### HOW TO COMPLETE THIS TASK
Print exactly the lines from the one that contains "Mens Nike Chicago" through the last line of the material, both included, and leave out all pictures.

### DATA SEGMENT
┌──
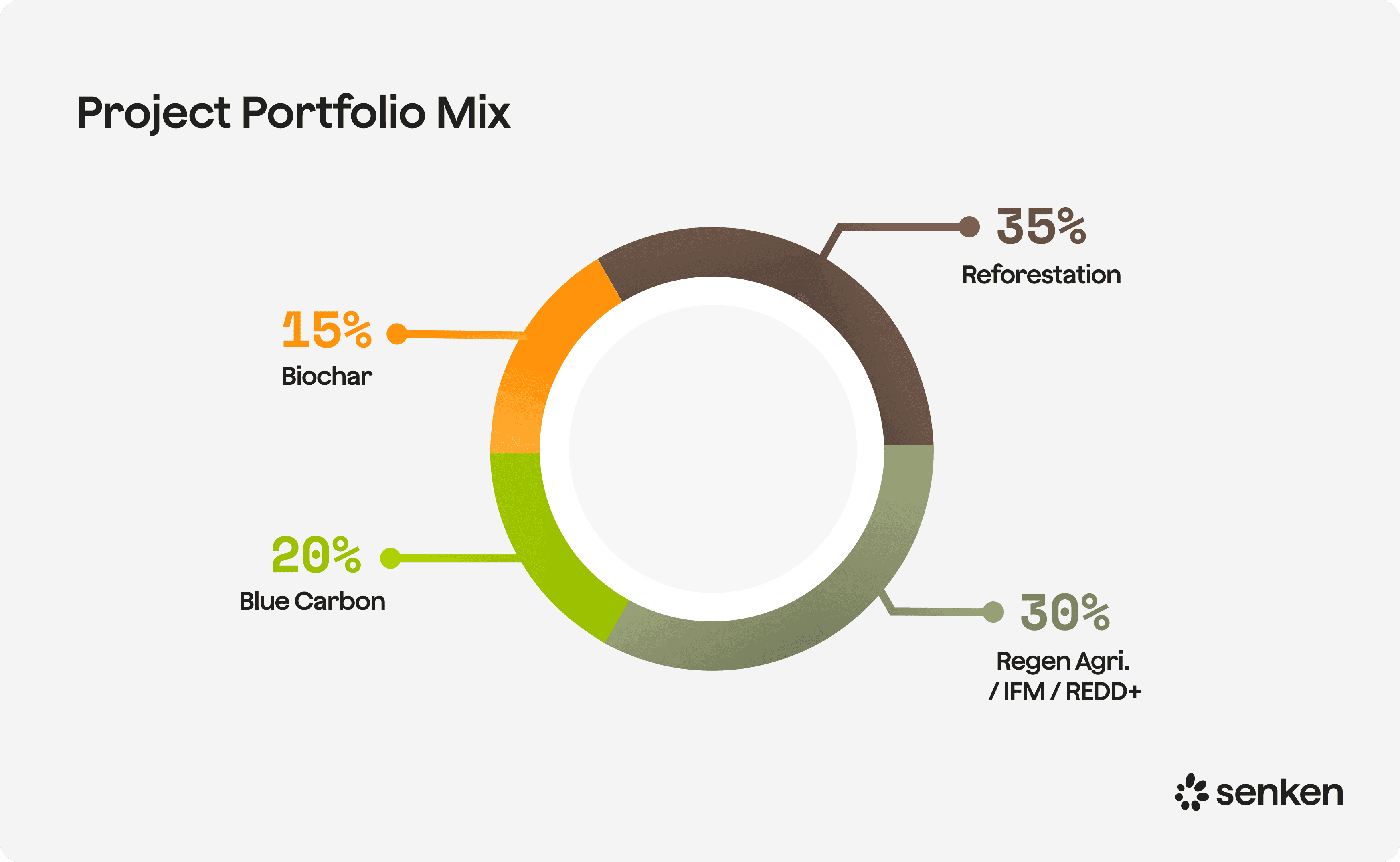Project portfolio mix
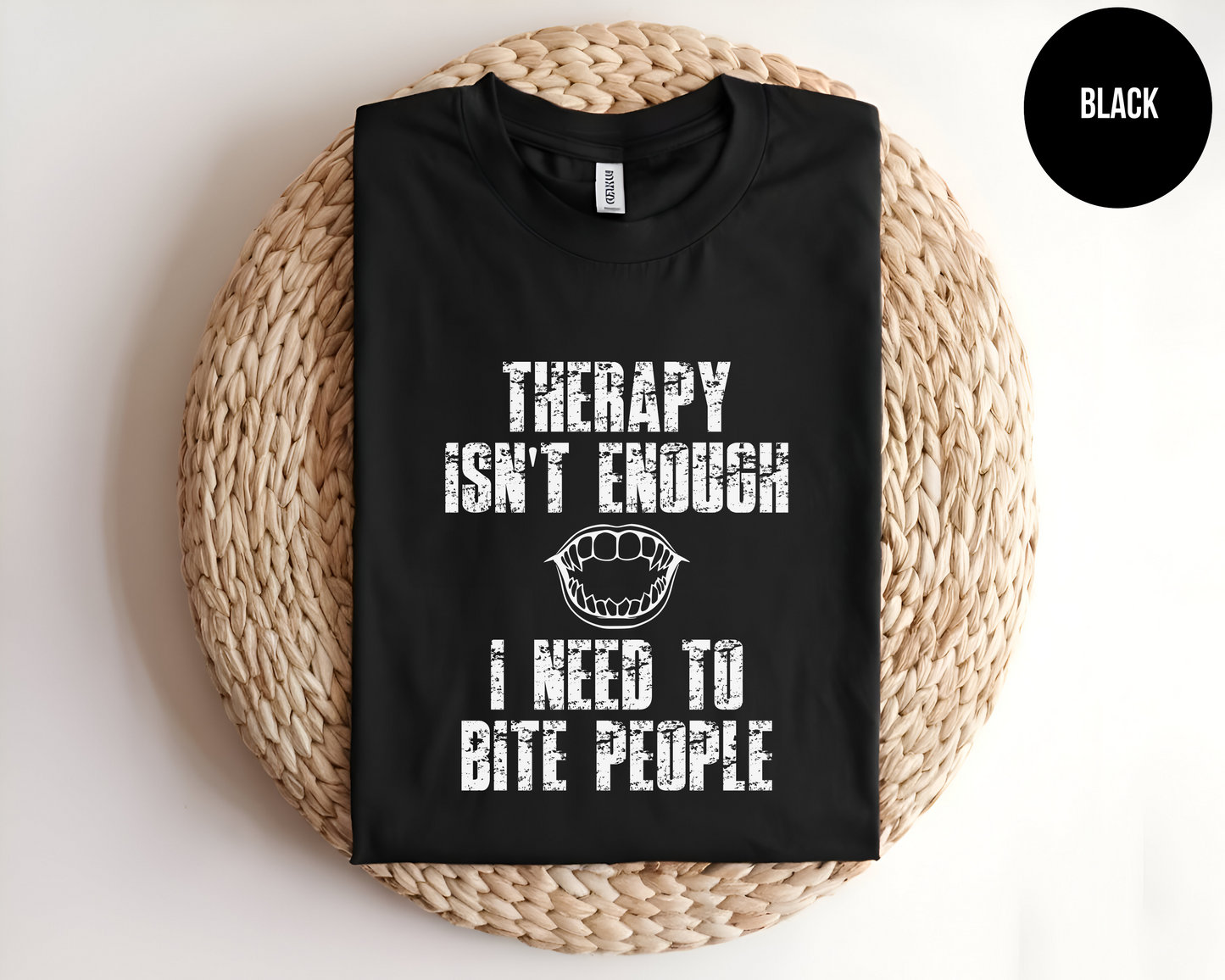 Therapy Is Not Enough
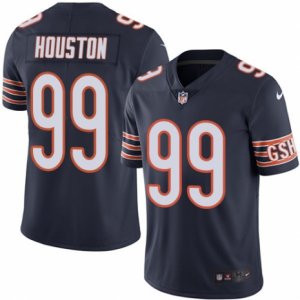 Mens Nike Chicago Bears #99 Lamarr Houston Limited Navy Blue Rush NFL Jersey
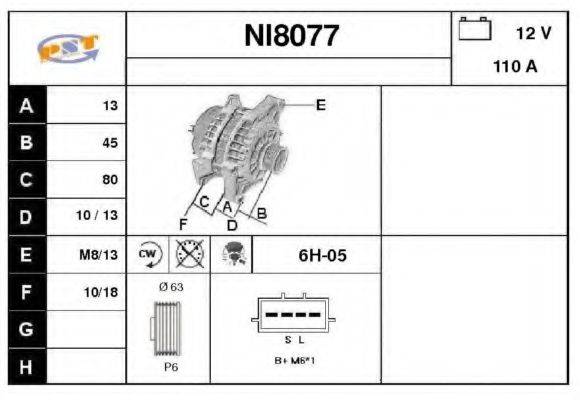 SNRA NI8077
└──
### OUTPUT FOR THIS TASK
 Mens Nike Chicago Bears #99 Lamarr Houston Limited Navy Blue Rush NFL Jersey
 SNRA NI8077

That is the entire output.